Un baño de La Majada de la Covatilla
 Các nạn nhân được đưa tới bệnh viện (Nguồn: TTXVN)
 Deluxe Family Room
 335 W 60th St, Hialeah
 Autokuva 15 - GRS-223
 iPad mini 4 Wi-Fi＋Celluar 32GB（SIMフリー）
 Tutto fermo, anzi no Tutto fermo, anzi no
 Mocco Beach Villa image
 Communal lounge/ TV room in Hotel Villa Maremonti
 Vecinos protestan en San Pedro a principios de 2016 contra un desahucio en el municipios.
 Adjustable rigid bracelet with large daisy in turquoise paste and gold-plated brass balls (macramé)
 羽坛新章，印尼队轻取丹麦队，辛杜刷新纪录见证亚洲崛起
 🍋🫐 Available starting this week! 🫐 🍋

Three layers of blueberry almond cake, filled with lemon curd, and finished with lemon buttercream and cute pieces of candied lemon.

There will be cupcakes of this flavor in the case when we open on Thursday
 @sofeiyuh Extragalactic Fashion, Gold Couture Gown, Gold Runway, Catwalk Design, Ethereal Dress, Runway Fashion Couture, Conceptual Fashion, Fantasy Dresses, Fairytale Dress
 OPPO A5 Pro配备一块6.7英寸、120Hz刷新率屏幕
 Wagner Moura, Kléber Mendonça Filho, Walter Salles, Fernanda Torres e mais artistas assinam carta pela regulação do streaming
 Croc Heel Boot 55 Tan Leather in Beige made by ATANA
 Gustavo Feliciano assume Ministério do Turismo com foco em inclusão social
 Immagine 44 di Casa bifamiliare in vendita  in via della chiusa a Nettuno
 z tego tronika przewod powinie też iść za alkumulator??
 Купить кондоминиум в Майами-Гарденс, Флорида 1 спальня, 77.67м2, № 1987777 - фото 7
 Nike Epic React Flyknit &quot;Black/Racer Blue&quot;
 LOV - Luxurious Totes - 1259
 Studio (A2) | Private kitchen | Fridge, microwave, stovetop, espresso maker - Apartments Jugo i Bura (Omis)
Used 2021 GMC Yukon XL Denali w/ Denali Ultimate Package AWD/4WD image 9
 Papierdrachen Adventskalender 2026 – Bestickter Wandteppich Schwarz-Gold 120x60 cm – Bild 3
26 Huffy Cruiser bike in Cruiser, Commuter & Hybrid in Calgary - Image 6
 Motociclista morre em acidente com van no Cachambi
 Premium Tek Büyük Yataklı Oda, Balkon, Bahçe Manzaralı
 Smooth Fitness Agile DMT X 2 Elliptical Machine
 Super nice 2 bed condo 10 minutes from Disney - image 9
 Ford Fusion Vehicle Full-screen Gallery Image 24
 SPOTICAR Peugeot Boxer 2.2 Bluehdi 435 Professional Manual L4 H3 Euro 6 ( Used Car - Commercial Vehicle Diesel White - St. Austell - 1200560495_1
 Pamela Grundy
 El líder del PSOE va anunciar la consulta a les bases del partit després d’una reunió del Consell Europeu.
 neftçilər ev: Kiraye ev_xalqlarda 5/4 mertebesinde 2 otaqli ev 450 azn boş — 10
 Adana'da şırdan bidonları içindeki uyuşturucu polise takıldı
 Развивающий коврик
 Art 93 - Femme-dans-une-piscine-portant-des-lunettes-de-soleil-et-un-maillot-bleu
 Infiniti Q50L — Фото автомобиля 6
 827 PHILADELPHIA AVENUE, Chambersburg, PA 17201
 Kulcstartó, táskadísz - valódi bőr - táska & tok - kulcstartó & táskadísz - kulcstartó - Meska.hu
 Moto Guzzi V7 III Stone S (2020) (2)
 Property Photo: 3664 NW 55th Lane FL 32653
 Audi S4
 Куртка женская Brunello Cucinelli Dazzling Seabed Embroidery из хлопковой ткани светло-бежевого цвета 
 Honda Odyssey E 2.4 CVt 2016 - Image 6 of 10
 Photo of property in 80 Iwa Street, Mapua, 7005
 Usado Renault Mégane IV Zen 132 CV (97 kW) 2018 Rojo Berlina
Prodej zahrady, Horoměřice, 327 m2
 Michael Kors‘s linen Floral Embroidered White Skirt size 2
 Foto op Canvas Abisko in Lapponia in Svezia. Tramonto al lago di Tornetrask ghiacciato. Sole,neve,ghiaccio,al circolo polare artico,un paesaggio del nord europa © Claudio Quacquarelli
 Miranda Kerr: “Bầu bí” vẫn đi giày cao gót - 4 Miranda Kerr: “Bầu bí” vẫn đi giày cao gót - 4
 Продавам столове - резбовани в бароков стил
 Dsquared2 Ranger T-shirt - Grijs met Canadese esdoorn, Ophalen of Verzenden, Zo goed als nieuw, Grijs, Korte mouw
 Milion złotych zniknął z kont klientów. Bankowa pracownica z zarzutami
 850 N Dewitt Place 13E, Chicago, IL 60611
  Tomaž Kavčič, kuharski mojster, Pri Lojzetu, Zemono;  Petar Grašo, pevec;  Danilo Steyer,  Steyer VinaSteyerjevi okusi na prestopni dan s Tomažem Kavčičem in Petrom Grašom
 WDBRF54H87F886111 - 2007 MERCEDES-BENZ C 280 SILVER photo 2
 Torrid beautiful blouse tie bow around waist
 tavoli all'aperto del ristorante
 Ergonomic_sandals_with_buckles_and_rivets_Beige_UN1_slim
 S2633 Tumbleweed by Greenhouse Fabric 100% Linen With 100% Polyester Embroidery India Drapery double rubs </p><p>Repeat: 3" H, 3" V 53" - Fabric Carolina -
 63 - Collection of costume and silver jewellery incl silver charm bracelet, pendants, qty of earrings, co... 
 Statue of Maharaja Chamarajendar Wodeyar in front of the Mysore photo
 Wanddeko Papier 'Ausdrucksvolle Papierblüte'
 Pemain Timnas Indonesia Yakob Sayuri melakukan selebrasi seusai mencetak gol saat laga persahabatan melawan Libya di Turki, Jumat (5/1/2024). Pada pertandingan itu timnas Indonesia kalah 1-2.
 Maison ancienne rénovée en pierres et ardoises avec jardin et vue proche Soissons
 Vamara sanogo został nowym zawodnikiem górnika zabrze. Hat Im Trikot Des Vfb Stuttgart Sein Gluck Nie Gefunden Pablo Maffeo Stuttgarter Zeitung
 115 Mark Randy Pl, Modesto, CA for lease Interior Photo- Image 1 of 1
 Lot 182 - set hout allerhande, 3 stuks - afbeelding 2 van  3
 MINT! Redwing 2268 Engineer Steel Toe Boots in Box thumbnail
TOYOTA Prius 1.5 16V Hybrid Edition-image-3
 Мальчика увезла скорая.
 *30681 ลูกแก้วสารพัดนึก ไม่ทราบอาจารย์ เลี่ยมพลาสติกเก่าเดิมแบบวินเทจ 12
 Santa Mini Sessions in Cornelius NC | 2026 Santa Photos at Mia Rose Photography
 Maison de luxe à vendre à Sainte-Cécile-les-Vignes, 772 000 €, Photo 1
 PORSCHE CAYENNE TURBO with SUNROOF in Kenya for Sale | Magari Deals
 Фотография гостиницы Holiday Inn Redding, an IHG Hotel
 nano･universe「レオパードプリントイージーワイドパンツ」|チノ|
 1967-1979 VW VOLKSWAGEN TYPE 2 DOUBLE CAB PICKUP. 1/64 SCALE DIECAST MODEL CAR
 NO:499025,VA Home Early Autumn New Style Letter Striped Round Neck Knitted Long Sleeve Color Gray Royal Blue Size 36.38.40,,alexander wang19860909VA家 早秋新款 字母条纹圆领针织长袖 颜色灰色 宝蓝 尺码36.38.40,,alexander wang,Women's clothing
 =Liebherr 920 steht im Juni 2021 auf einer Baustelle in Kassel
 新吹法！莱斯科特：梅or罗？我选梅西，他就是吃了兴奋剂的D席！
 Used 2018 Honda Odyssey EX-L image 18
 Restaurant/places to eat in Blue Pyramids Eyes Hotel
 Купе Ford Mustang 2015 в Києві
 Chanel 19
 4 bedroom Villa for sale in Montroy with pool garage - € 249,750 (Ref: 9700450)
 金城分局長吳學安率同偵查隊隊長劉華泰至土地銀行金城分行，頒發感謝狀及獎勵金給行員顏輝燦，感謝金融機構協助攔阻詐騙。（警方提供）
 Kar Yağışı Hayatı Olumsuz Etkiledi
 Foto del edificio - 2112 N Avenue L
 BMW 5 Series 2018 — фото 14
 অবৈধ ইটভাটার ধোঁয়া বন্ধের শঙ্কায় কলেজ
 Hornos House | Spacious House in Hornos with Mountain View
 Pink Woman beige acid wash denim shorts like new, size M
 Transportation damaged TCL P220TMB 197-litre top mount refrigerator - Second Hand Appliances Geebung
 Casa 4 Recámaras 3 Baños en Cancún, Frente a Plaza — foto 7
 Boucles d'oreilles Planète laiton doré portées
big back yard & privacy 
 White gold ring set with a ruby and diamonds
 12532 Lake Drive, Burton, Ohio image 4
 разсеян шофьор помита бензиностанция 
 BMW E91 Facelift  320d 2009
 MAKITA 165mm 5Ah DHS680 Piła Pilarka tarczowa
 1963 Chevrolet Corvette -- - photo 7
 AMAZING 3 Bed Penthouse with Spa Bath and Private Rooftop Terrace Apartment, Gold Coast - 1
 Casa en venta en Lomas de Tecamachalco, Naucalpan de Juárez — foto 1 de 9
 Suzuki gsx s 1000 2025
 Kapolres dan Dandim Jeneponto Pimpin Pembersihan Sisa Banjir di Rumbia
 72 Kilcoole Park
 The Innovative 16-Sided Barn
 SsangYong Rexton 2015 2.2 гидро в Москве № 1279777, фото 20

----------

Would you quote everything above from the line containing "Three layers of" down to the line containing "OPPO A5 Pro配备一块6.7英寸、120Hz刷新率屏幕"? Include both of those lines and nothing else.

Three layers of blueberry almond cake, filled with lemon curd, and finished with lemon buttercream and cute pieces of candied lemon.

There will be cupcakes of this flavor in the case when we open on Thursday
 @sofeiyuh Extragalactic Fashion, Gold Couture Gown, Gold Runway, Catwalk Design, Ethereal Dress, Runway Fashion Couture, Conceptual Fashion, Fantasy Dresses, Fairytale Dress
 OPPO A5 Pro配备一块6.7英寸、120Hz刷新率屏幕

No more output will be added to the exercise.